Reporting suspected adverse reactions after authorisation of the medicinal product is important. It allows continued monitoring of the benefit/risk balance of the medicinal product. Healthcare professionals are asked to report any suspected adverse reactions via the Yellow Card Scheme

Website: www.mhra.gov.uk/yellowcard or search for MHRA Yellow Card in the Google Play or Apple App Store.

4.9 Overdose

In the case of overdose, patients should be carefully observed and supportive care administered, as appropriate.

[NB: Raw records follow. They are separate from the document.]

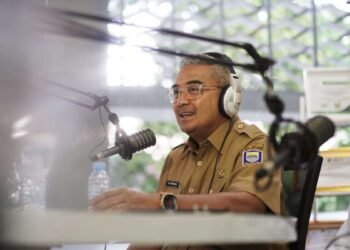 16.000 ASN Pemkot Bandung Wajib Lulus Pendidikan Antikorupsi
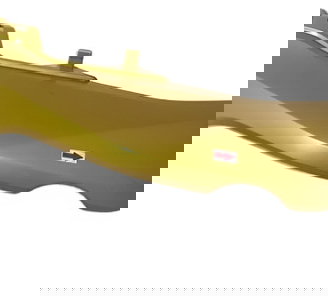 Carenagem Aba Bico Dir Bmw F850 Gs Original Avaria 29908 Dourado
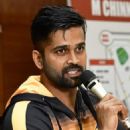 Vinay Kumar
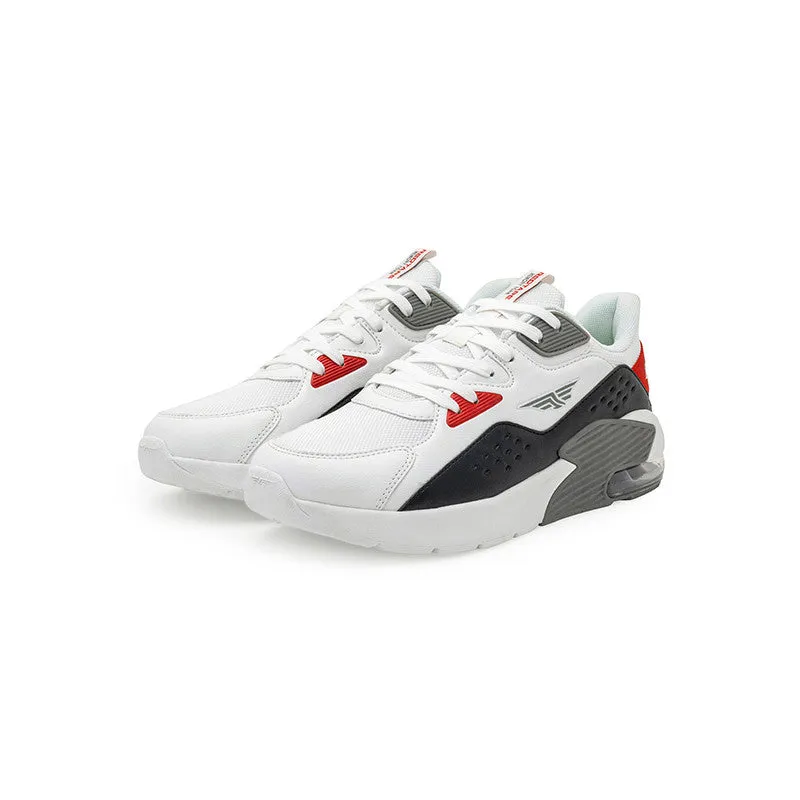 Red Tape Sneaker Casual Shoes for Men | Soft Cushioned Insole, Slip-Resistance, Dynamic Feet Support, Arch Support & Shock Absorption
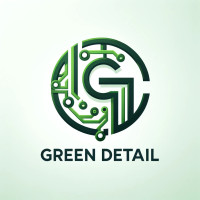 Green Detail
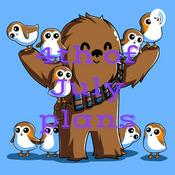 Podcast 4th of July plans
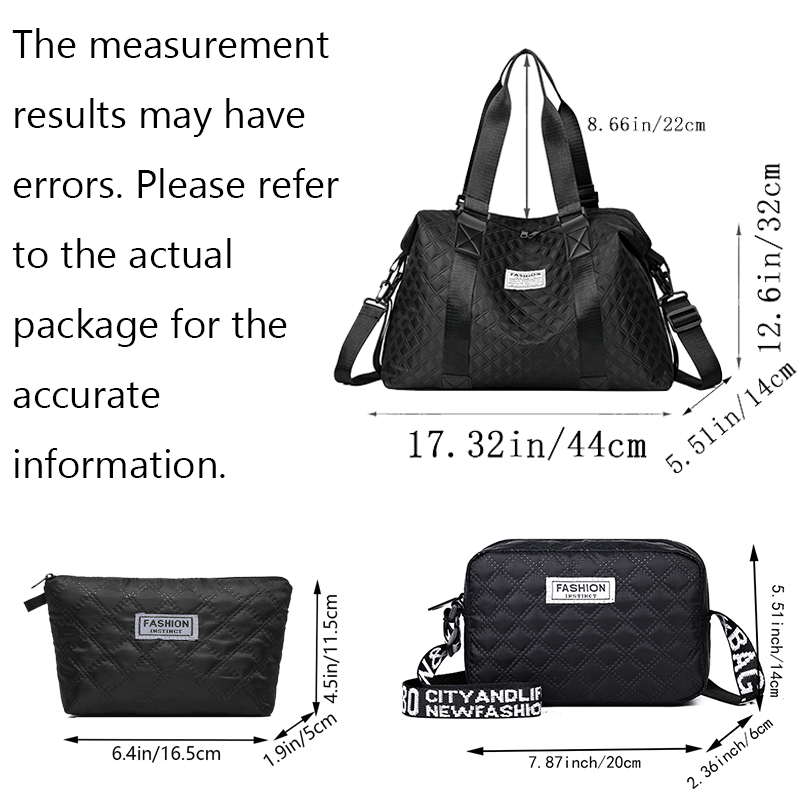 Neutral color bag for men and  - Photography Is reseña y precio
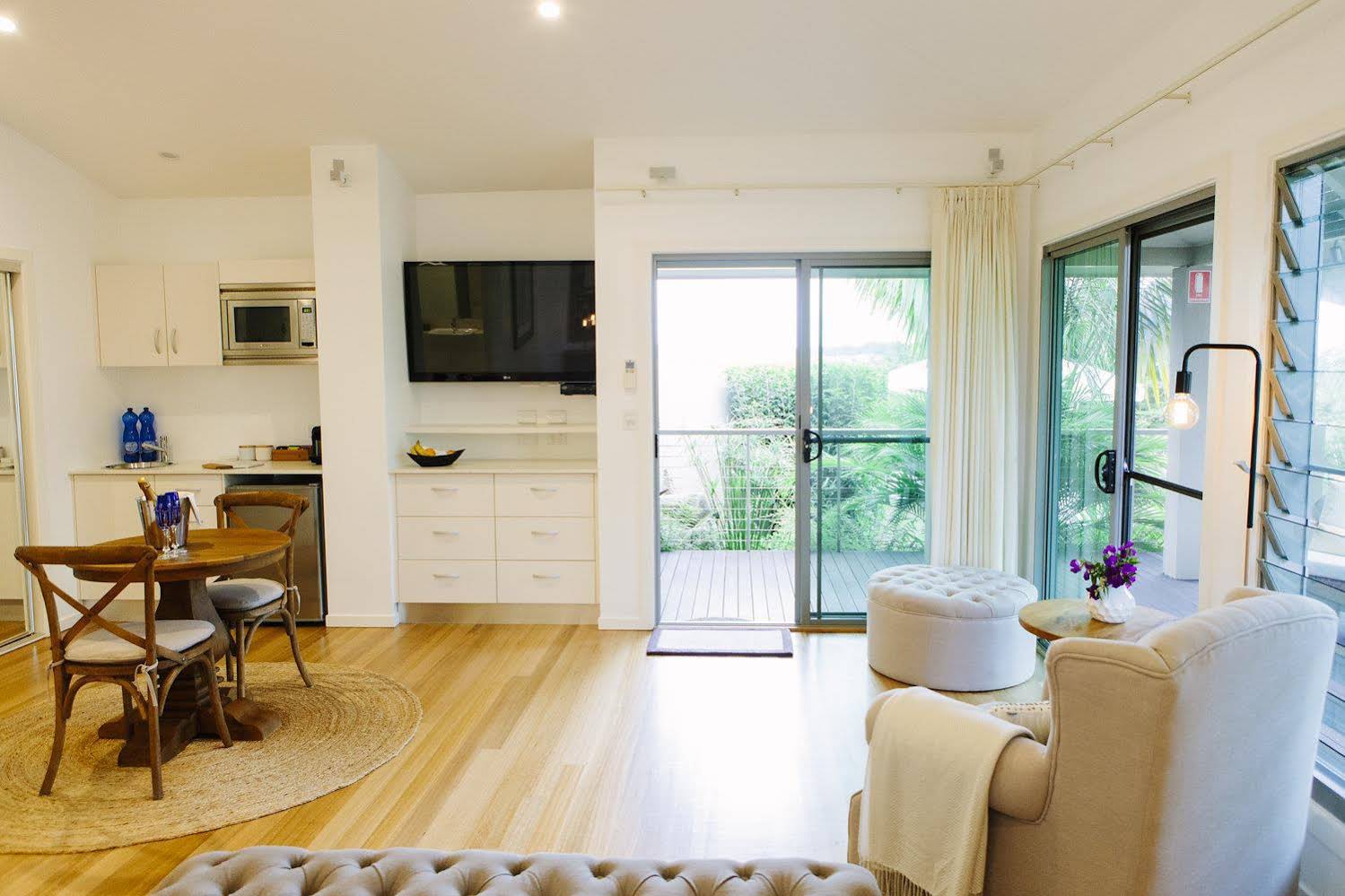 Ivory Villas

5. Pharmacological properties
5.1 Pharmacodynamic properties

Pharmacotherapeutic group: lipid modifying agents, other lipid modifying agents, anatomical therapeutic chemical (ATC) code: C10AX21

Mechanism of action

Olezarsen is an antisense oligonucleotide-triantennary N-acetylgalactosamine (GalNAc3) conjugate that causes degradation of apolipoprotein C3 (apoC-III) messenger ribonucleic acid (mRNA) through selective binding to its mRNA, which leads to ribonuclease H1 (RNase H1)-mediated cleavage of apoC-III mRNA. Olezarsen is perfectly complementary to the site on chromosome 11 positions 116, 833, 046 through 116, 833, 065, corresponding to the gene apoC-III according to Ensembl version 109 (GRCh38 build) of the homo sapiens genome. This results in specific reductions of serum apoC-III protein leading to plasma triglyceride reductions. Studies suggest that apoC-III regulates both triglyceride metabolism and hepatic clearance of chylomicrons and other triglyceride-rich lipoproteins.

Pharmacodynamic effects

Effects of olezarsen on lipid parameters

In a phase 3 clinical trial in patients with FCS (Balance trial), administration of olezarsen decreased apoC-III, triglycerides (TG), chylomicron triglycerides, apolipoprotein B-48 (apoB-48), total cholesterol (TC), and non-high-density lipoprotein cholesterol (non-HDL-C). It also increased high-density lipoprotein cholesterol (HDL), total apolipoprotein B (apoB), and low-density lipoprotein cholesterol (LDL-C). Mean LDL-C levels remained within the normal range (i.e., < 70 mg/dL) for 74% of patients.

Cardio electrophysiology

At a dose 1.5-times the maximum recommended dose for olezarsen, no clinically significant corrected QT interval prolongation was observed.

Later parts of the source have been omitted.